REPUBLIKA.CO.ID, JAKARTA -- Pengamat Pendidikan Indra Charismiadji menanggapi soal pernyataan Menteri Pendidikan, Kebudayaan, Riset, dan Teknologi (Mendikbudristek) Nadiem Makarim yang menyebut bahwa meniadakan kenaikan Uang Kuliah Tunggal (UKT) yang tak rasional. Dia mempertanyakan objektivitas dalam menilai rasional atau tidak rasionalnya ketentuan itu.
"Semua kebijakan karena landasan filosofis salah, maka akan salah semua," kata Indra saat dihubungi Republika, Selasa (21/5/2024).
Mengenai ide Nadiem untuk mendasarkan pada rasionalitas atas meroketnya UKT, Indra kemudian menyinggung soal adanya tingkatan UKT dari 1-12. Dia menyebut, hanya di Indonesia ada ketentuan uang kuliah tunggal berdasarkan tingkatan. Hal itu dianggap menjadi ambigu.
"Sekarang bagaimana menentukan, gimana caranya objektif, atau malah jadinya dimanfaatkan, misalnya sebenarnya anaknya enggak qualified tetapi karena anak orang kaya, bisa masuk dengan bayar UKT tingkat 12. Akhirnya kan melanggar hak asasi manusia," tuturnya.

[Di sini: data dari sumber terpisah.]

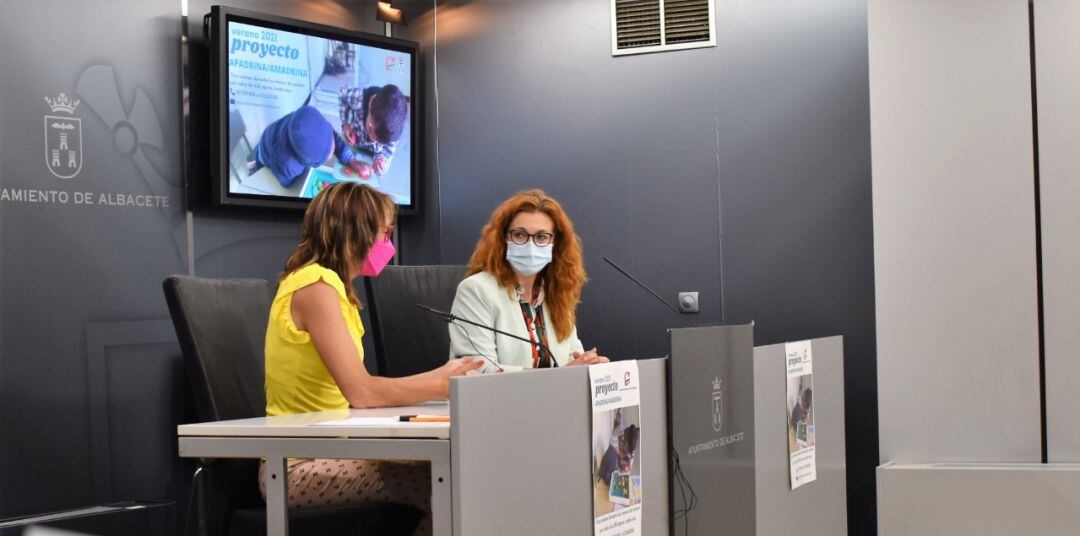 La concejala de Atención a las Personas, Juani García, ha presentado esta iniciativa junto a la coordinadora de este proyecto, Ana Ortiz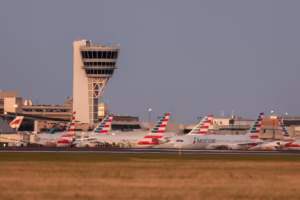 American Airlines says technology outage temporarily halted flights
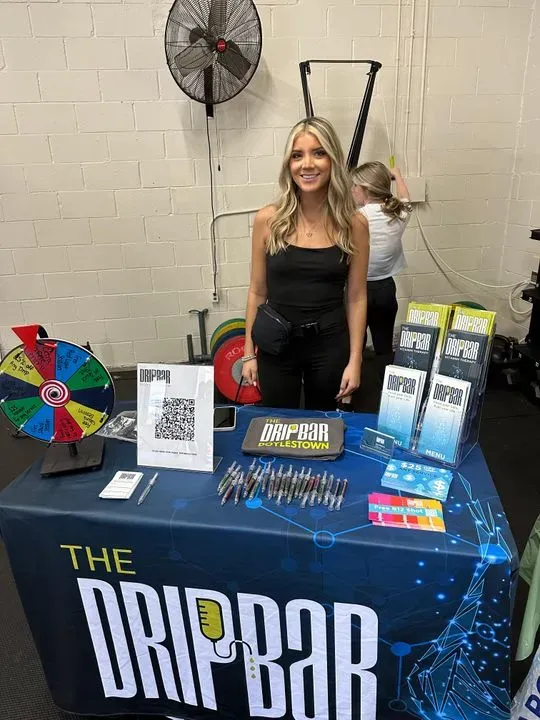 https://cdn.salonspotlight.com/photos/ZxgGEASdgmWP2er1TdwD/f5280ca2-546f-4f95-8c1c-0a8ec4ab5e1a_720x720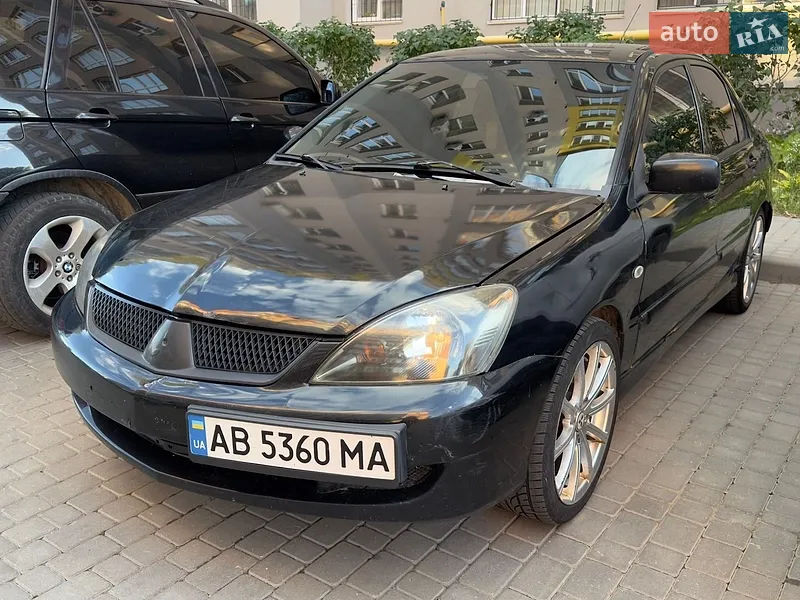 Mitsubishi Lancer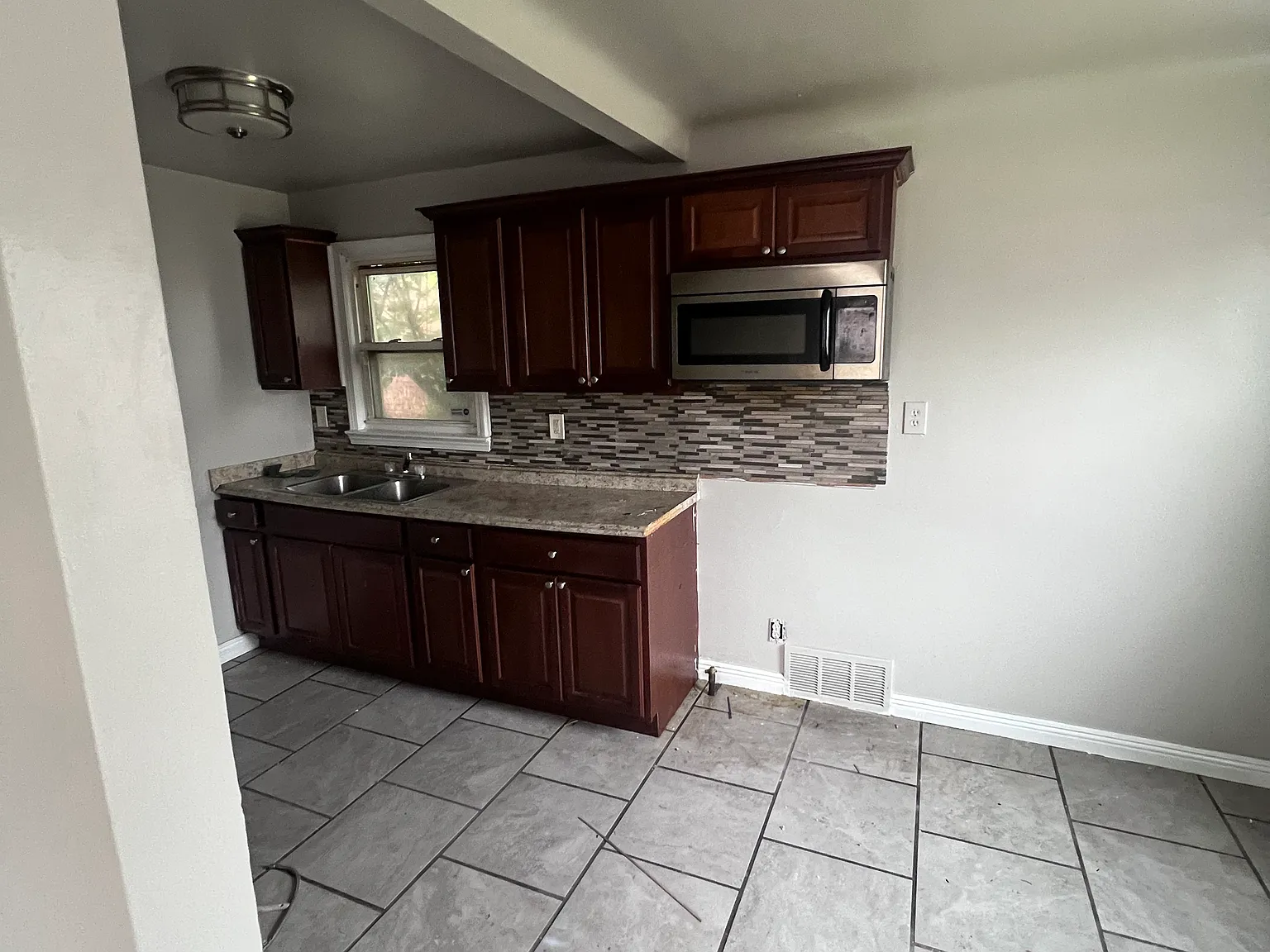 9664 Sussex St — Photo 2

Indra lantas lebih menekankan pada hak asasi manusia yang menurutnya tidak disadari oleh Mendikbudristek Nadiem Makarim.
"Bahwa akses pendidikan tinggi harus terbuka berdasarkan meritokrasi artinya berdasarkan prestasi kinerja, makanya kalau zaman dulu benar-benar anak-anak pintar yang bisa kuliah karena berdasarkan meritokrasi seleksinya benar-benar ketat dan biayanya murah, nah kalau sekarang sebetulnya bukti kalau salah kelola," tuturnya.

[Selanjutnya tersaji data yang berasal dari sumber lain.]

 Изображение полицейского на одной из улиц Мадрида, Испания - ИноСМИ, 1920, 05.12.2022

Sebelumnya diketahui, Menteri Pendidikan, Kebudayaan, Riset, dan Teknologi (Mendikbudristek) Nadiem Makarim menjelaskan, prinsip uang kuliah tunggal (UKT) diatur dalam Peraturan Kemendikbudristek (Permendikbud) Nomor 2 Tahun 2024 tentang Standar Biaya Operasional Pendidikan Tinggi (SBOPT) pada perguruan tinggi negeri (PTN) di Lingkungan Kemendikbudristek.